_PROBLEM DETAILS_.
Begin the copy at the line containing "Dahlonega House |" in the data below and end it at the line containing "New MICHAEL Michael", keeping each line exact and leaving out pictures.

_DATA RECORDS_.
********

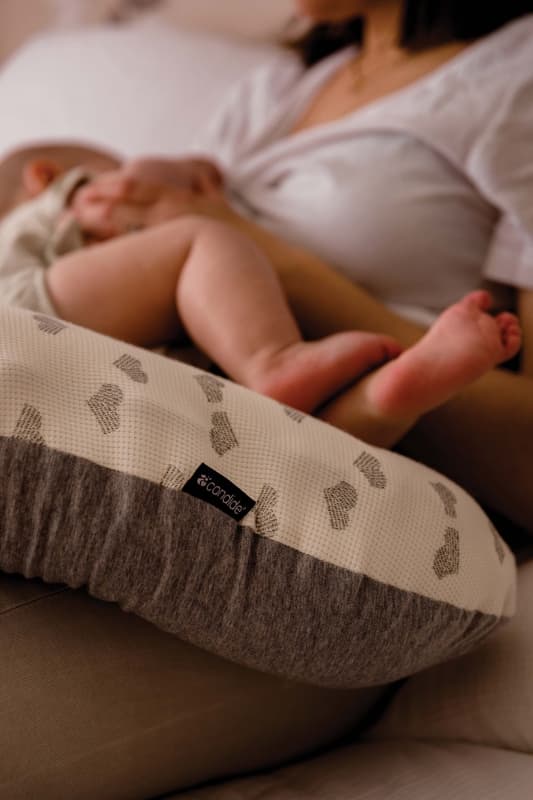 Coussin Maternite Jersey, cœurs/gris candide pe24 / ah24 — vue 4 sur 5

********

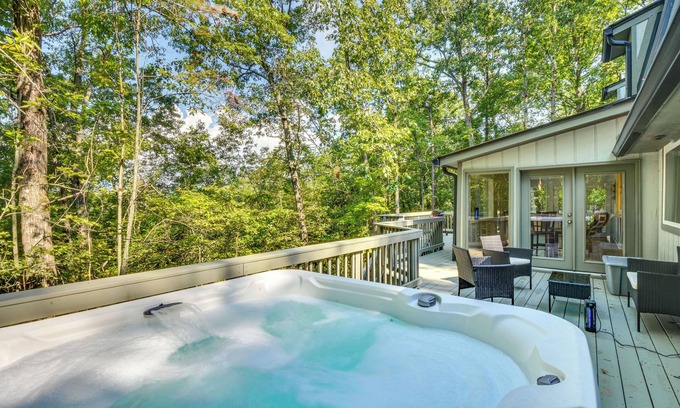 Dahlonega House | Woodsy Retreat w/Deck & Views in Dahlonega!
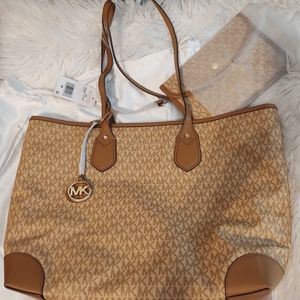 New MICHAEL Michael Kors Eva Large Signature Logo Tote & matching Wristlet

********

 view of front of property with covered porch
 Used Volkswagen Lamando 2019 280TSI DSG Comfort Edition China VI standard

********

_RESPONSE_.
 Dahlonega House | Woodsy Retreat w/Deck & Views in Dahlonega!
 New MICHAEL Michael Kors Eva Large Signature Logo Tote & matching Wristlet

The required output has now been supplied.